## Problem requirements
Each word in the data below should be copied exactly; the images should not.

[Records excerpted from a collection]
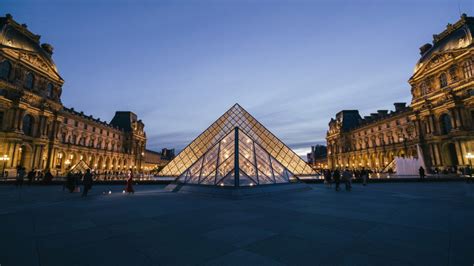 Photography | The Louvre at Night - Presetpro.com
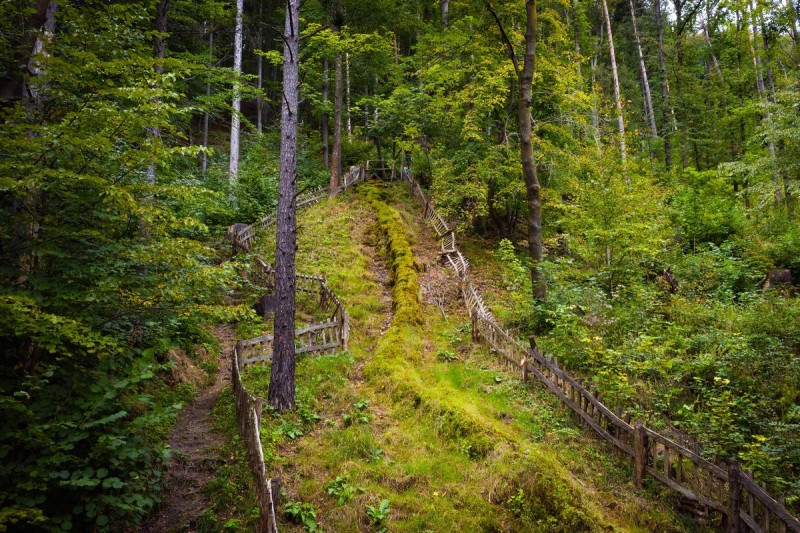 Navštivte unikátní geologický a geomorfologický útvar - Travertinovou kaskádu v Tiché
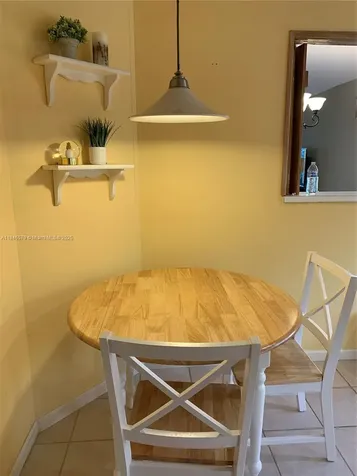 231 W Canterbury Drive W Palm Beach Gardens FL 33418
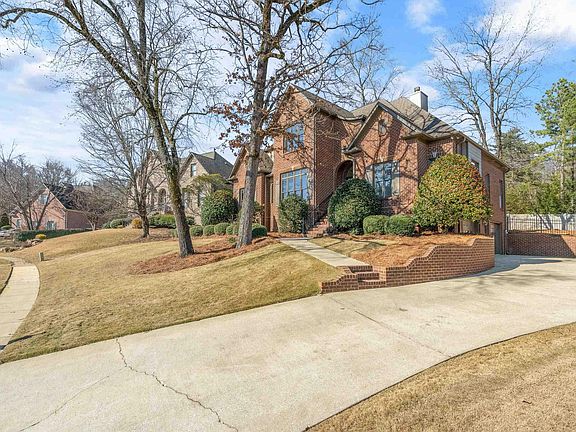 2nd image of 1120 Camellia Cir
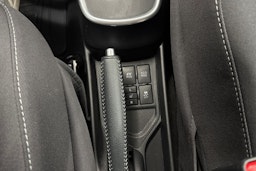 Punainen Toyota Yaris 2018 kuva 22.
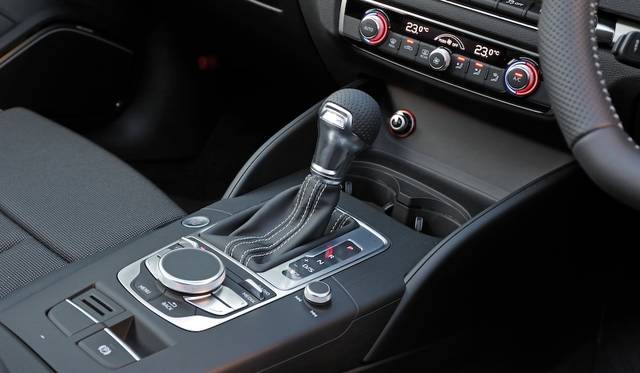 トランスミッションは6段Sトロニック（デュアルクラッチ）。シフトレバー手前のMMIコントローラーも標準装備だ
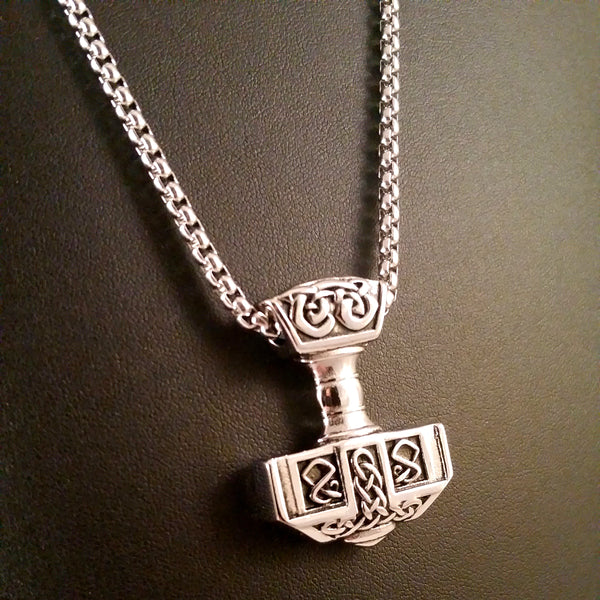 thor's hammer pendant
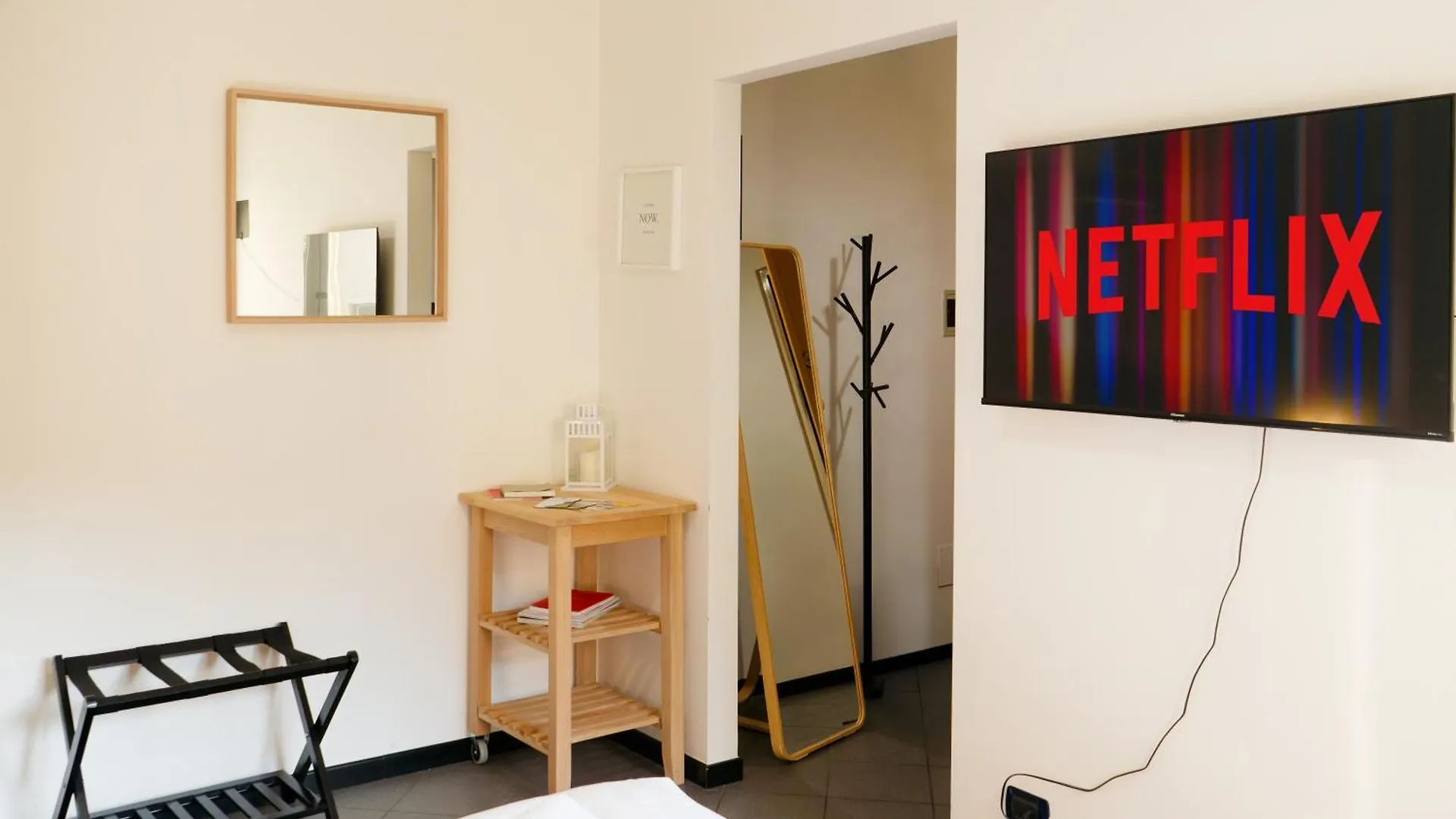 5Min A Piedi City Life-Mico-Metro-Ac-Self Check-In Milan 0*,  Italy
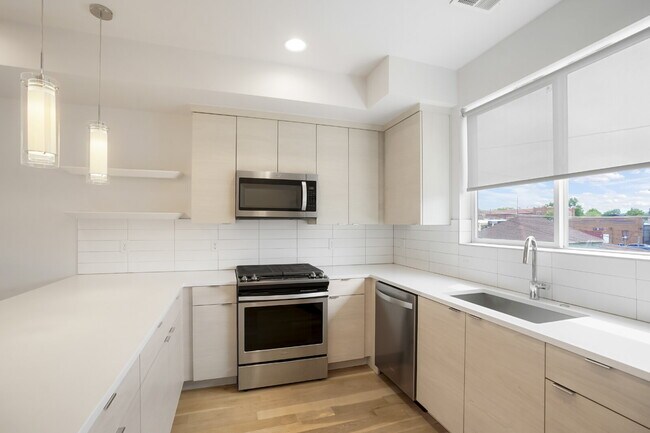 Building Photo - Stylish Sloan’s Lake Townhome with Rooftop...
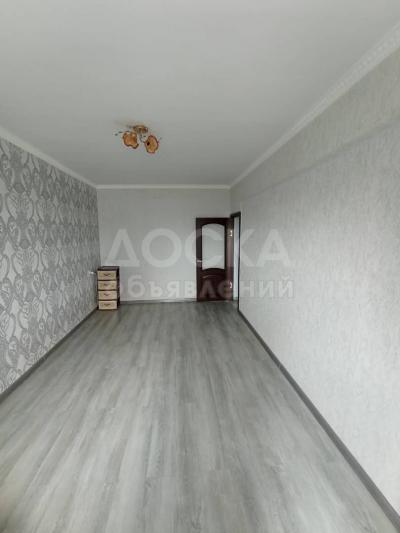 Продаю 1-комнатную квартиру, 32кв. м., этаж - 5/5, Моссовет.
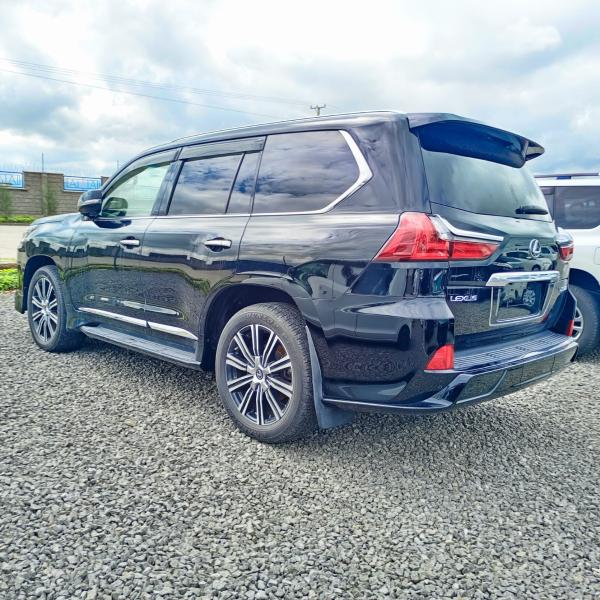 2019 Lexus LX 570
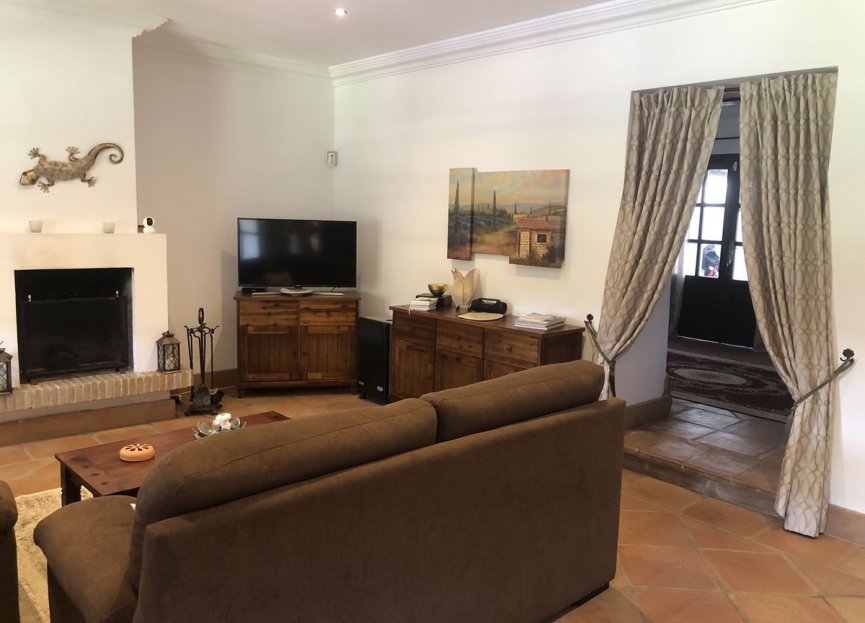 Resale - House - Finca - Cortijo - Estepona - Estepona Centro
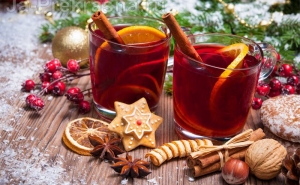 How to Make a Glint-wine? Cheer Up Yourself with This Warm Delicious Beverage

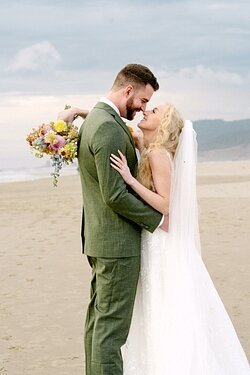 bridal bouquet wedding flowers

## Solution
 Photography | The Louvre at Night - Presetpro.com
 Navštivte unikátní geologický a geomorfologický útvar - Travertinovou kaskádu v Tiché
 231 W Canterbury Drive W Palm Beach Gardens FL 33418
 2nd image of 1120 Camellia Cir
 Punainen Toyota Yaris 2018 kuva 22.
 トランスミッションは6段Sトロニック（デュアルクラッチ）。シフトレバー手前のMMIコントローラーも標準装備だ
 thor's hammer pendant
 5Min A Piedi City Life-Mico-Metro-Ac-Self Check-In Milan 0*,  Italy
 Building Photo - Stylish Sloan’s Lake Townhome with Rooftop...
 Продаю 1-комнатную квартиру, 32кв. м., этаж - 5/5, Моссовет.
 2019 Lexus LX 570
 Resale - House - Finca - Cortijo - Estepona - Estepona Centro
 How to Make a Glint-wine? Cheer Up Yourself with This Warm Delicious Beverage

 bridal bouquet wedding flowers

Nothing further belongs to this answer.